As a friend of mine said "if your secure communications system isn't being used by terrorists and pedophiles, you're probably doing it wrong".

People with well funded, trained and motivated adversaries have the strongest incentives to practice the highest level of security. They're the ones to learn from. :)


This is like antibiotics. The natural selection process will push people to use more secure communication methods etc. The conclusion, for me, is that repression is not the way to go and makes the problem only harder to monitor and control. The strategy I would follow to address this problem is to identify the mechanism by which these type of behaviors reproduce themselves and contamine new people. This is where to target. And again, not in the Rambo way, in a chess way where everything is kept under control and will lead to the final check mate.

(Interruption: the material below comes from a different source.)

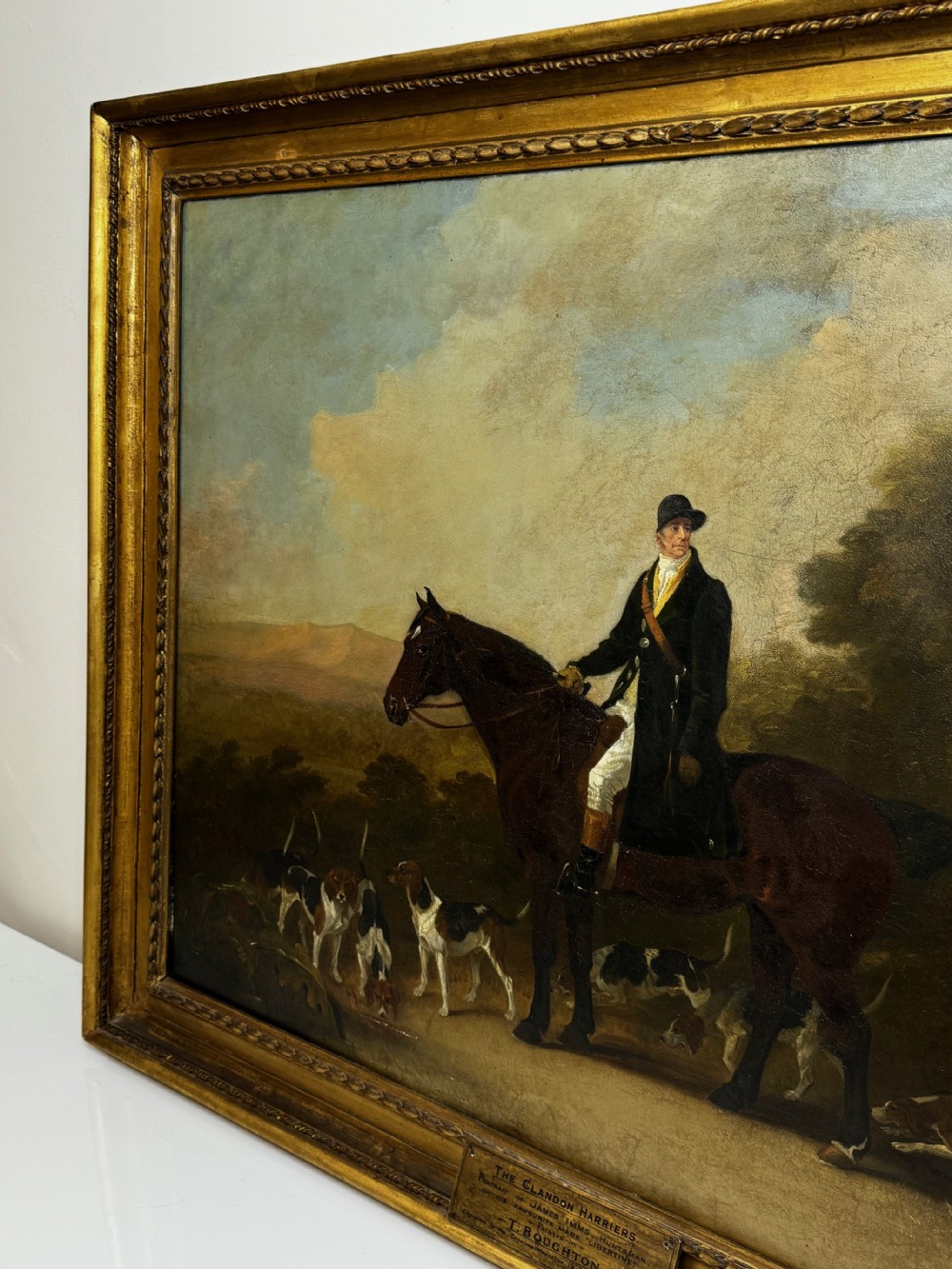 Oil Painting The Clandon Harriers Hunt John Imms Of Ringmer  View IV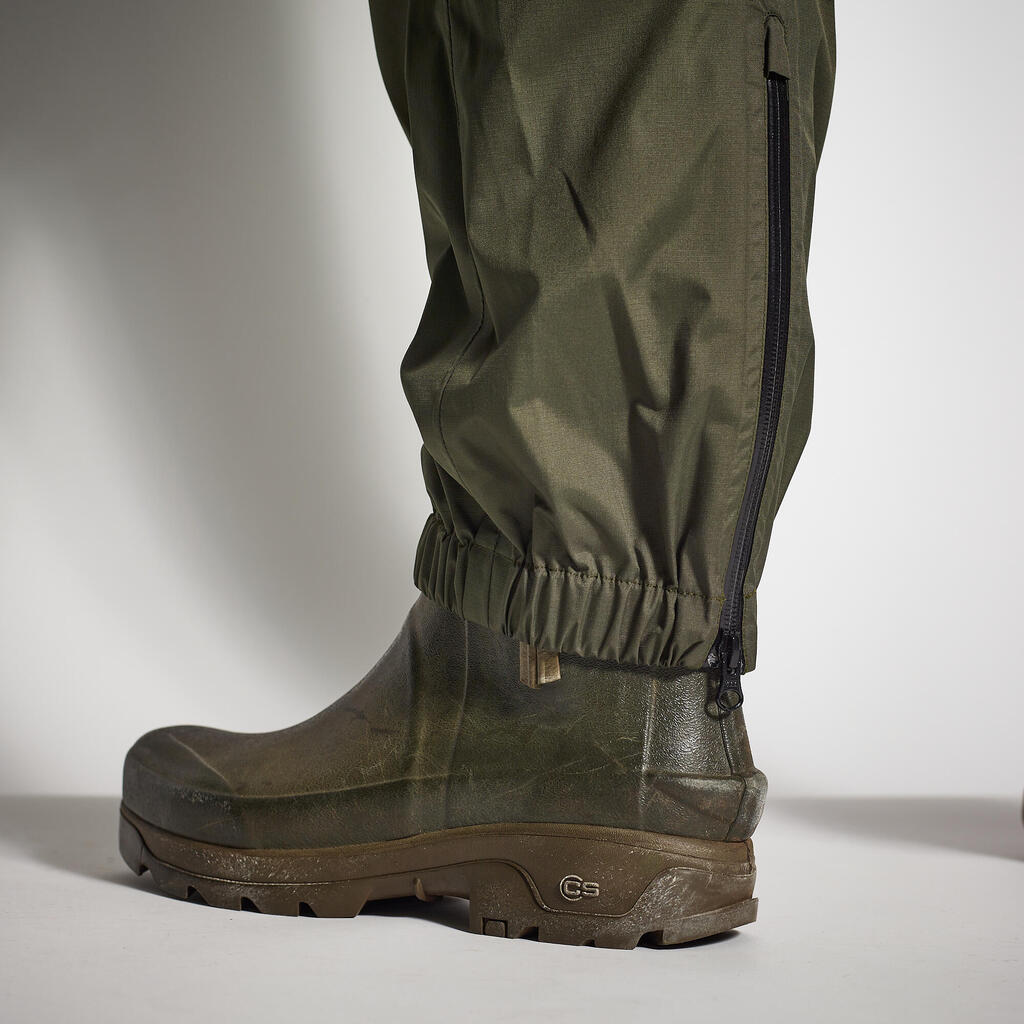 SURPANTALON CHASSE LEGER ET IMPERMÉABLE VERT 100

> Not really sure what's so inflammatory about the title.

The original submission was something like "useful lessons from paedophiles"


The Grugq - OPSEC: Because Jail is for wuftpd

https://www.youtube.com/watch?v=9XaYdCdwiWU


> but this is THE most inflammatory title I've seen in a year.

That was deliberate. I suspect that HN has somehow penalized or moderated my submissions, because while my submissions used to get on the main page literally every other day, for the past month my submissions have almost all been stuck at +1 or +2 (https://news.ycombinator.com/submitted?id=gwern). So instead of the utterly boring and anodyne title Gruqq gave his post...


That's actually the title that was originally used to link to baal.html. http://dee.su/liberte-peer-review


The faq/guideline is pretty clear that the title field is not for editorializing. I don't know if there is a moderation feature like you posit but what can one expect after breaking community guidelines. Are the lower scored submissions items that you modified the title?


> Are the lower scored submissions items that you modified the title?

It's not some of the submissions. It's pretty much all of them, even entirely unmodified quoted titles.